The Illhiedrin Book
- Code: Cover
- Authors: Daniel Hauffe
- First published: 1981

= The Illhiedrin Book =

Tabletop role-playing game supplement

The Illhiedrin Book is an adventure for fantasy role-playing games published by Judges Guild in 1981.

==Plot summary==
The Illhiedrin Book is an adventure scenario intended for player characters of levels 1-2, who are hired to find a magical book that may be hidden in the Tomb of Charrellsfane or a wizard's tower, while the residents of both locations try to stop them, and competing parties of adventurers try to get the book first.

The Illhiedrin Book was designed to be used with first-level characters, allowing the possibility of second level characters joining them. Alcastra the wizard wants to obtain the Illheidrin Book, which was last possessed by a wizard who died 300 years ago, and she will equip a party to go look for it, in the places she thinks it might be. The adventurers travel the countryside, finding clues, discovering a mysterious crypt, and dealing with the patrols of invading orcs along the way.

==Publication history==
The Illhiedrin Book was written by Daniel Hauffe, and was published by Judges Guild in 1981 as a 32-page book.

TSR chose not to renew its Dungeons & Dragons license with Judges Guild when that license expired in September 1980. Judges Guild was able to keep their Advanced Dungeons & Dragons license for another year, allowing them to publish adventures like The Illhiedrin Book (1981), Zienteck (1981), Trial by Fire (1981), and Portals of Twilight (1981) before ending that line.

==Reception==
Anders Swenson reviewed The Illhiedrin Book and Zienteck for Different Worlds magazine and stated that "Both of these books are cheap, showing a lack of the careful editing which is becoming characteristic of the major FRP houses these days. It would seem that Judges Guild has simply failed to advance their standards to keep pace with the other established publishers of adventure gaming material. Few other line, however, offer such inexpensive products, and there probably lies the tale."

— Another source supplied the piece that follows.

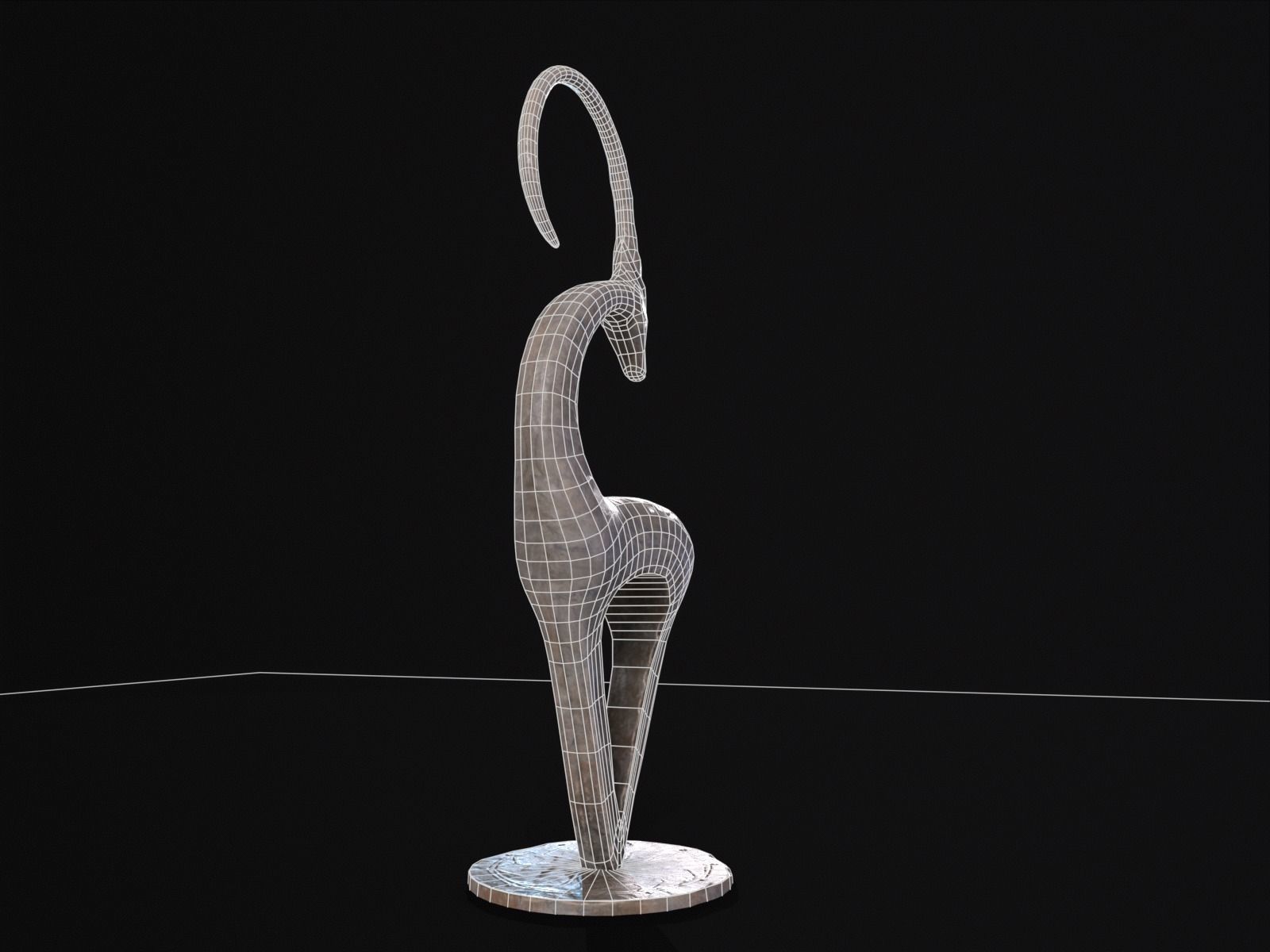 Marble Impala Sculpture Low-poly 3D model_11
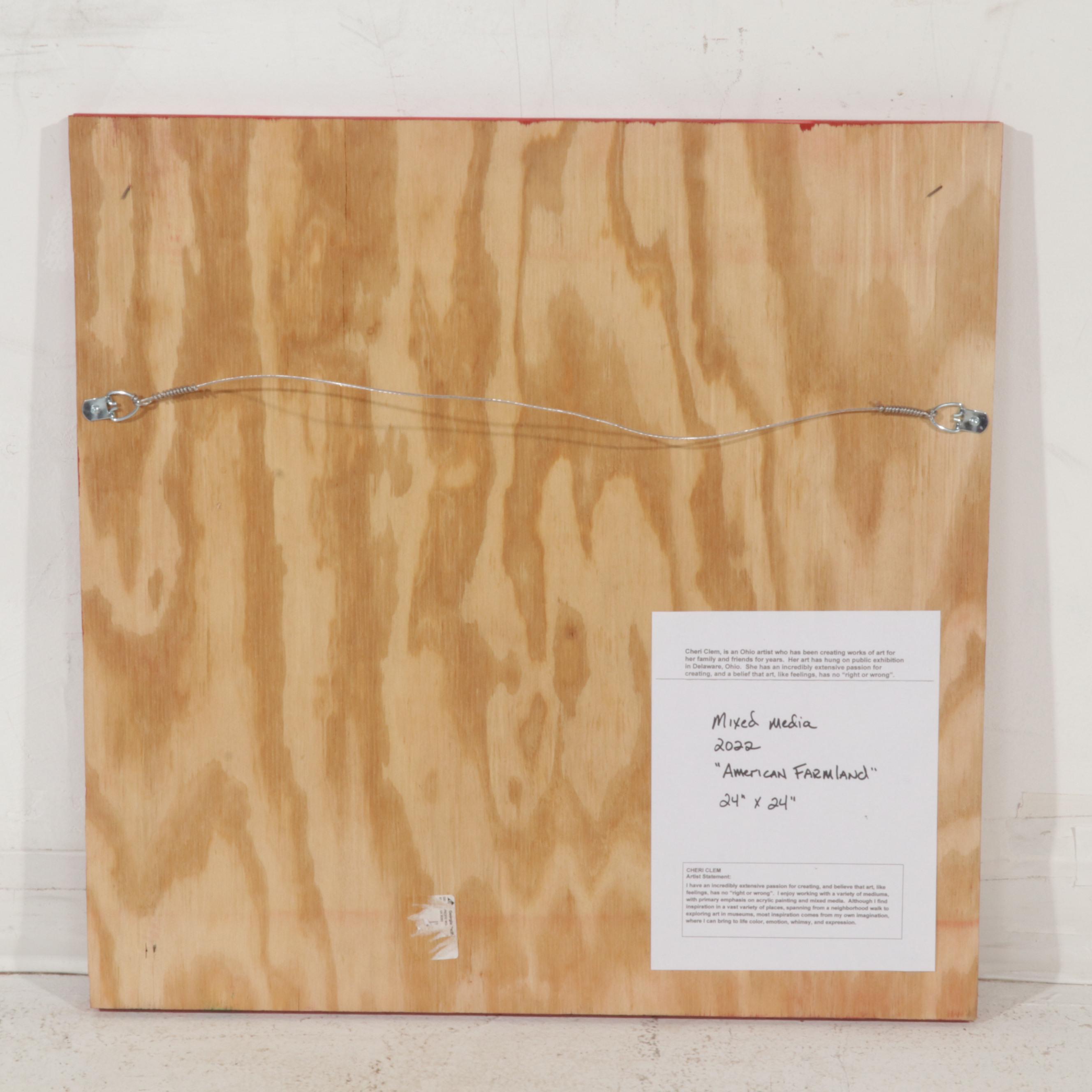 Cheri Clem Mixed Media Painting "American Farmland," 2022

W. G. Armintrout reviewed the adventure in The Space Gamer No. 53. He stated that "This is a good, sound adventure; I wish more of these were available for low-level characters. There are complete descriptions of everything you might run into, including Alcastra's Tower (for those who attack everything in sight). The DM will have no trouble with this adventure." He continued, "Judges Guild" still falls short of perfection. There are minor discrepancies between maps and descriptions. The artwork takes up space instead of supporting the adventure. I can't explain why Lieutenant Sladentail is pictured as a griffon when he's human, and I suspect Alcastra is naked on the cover to spark sales. Worst of all, the characters are never really fleshed out – the DM will know how to run them, but he may never figure out why they are in this adventure in the first place. A good adventure, but still short of excellent." Armintrout concluded his review by saying, "I urge everyone who plays AD&D to buy this one. It's a challenge to anyone with a first-level character, and a solid example for the newcomer DM."